So far the EPBC Act is completely inadequate in providing the legal framework for ensuring that our environment is not continually degraded, with no real mention of climate change and no real way of ensuring that environmental protection is taken into consideration when economic development is sought.
Without protection of our environment, economic development will ultimately cause the destruction of our organised social structures, leading to cataclysmic catastrophes.
The new government has the mandate to take meaningful action – it just needs the guts to do it.
I want them to attend the conference in Montreal online this December to reduce their carbon footprint and not fly to this event. Our government needs to step up and be a world leader in saving what is left of our natural environment in this country. Australia is renowned for spectacular natural beauty, it is embarrassing that we are allowing companies to mine for fossil fuels still, cut down old growth forests and pollute our water ways and GBR. This must stop, businesses are starting to realise but we need government to step up.
I want ambitious goals for nature conservation because anything we’ve done previously hasn’t been enough.
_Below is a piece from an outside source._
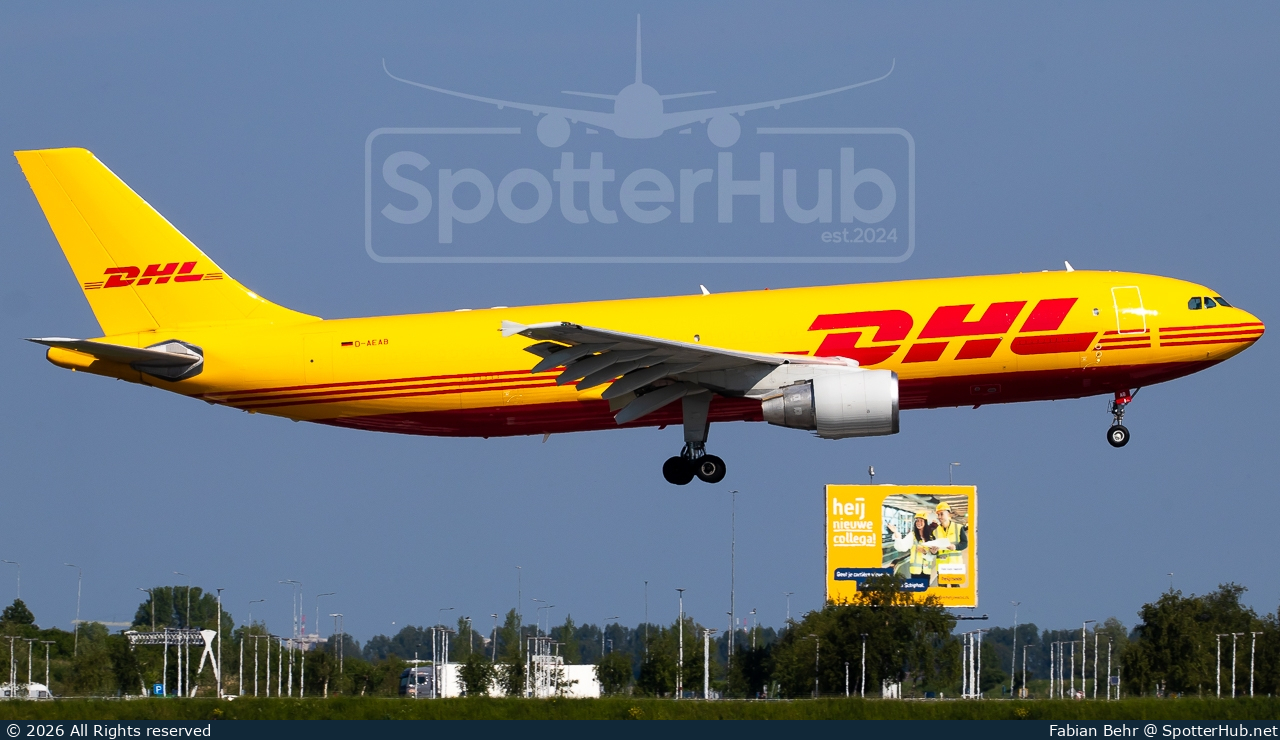 Photo of D-AEAB - Airbus A300B4-622R(F) operated by European Air Transport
Ambitious global goals for nature would mean a halt and, in many cases, a reversal of global biodiversity loss. This would create more stable, climate-resilient microbiomes and food chain networks. It would also support and protect the physical structures of environments, making areas more likely to survive natural disasters, such as floods, bushfires, droughts, monsoons, cyclones and heatwaves. We could even stop many species’ declines into extinction. All of these benefits would also have a positive holistic impact upon human health and quality of life.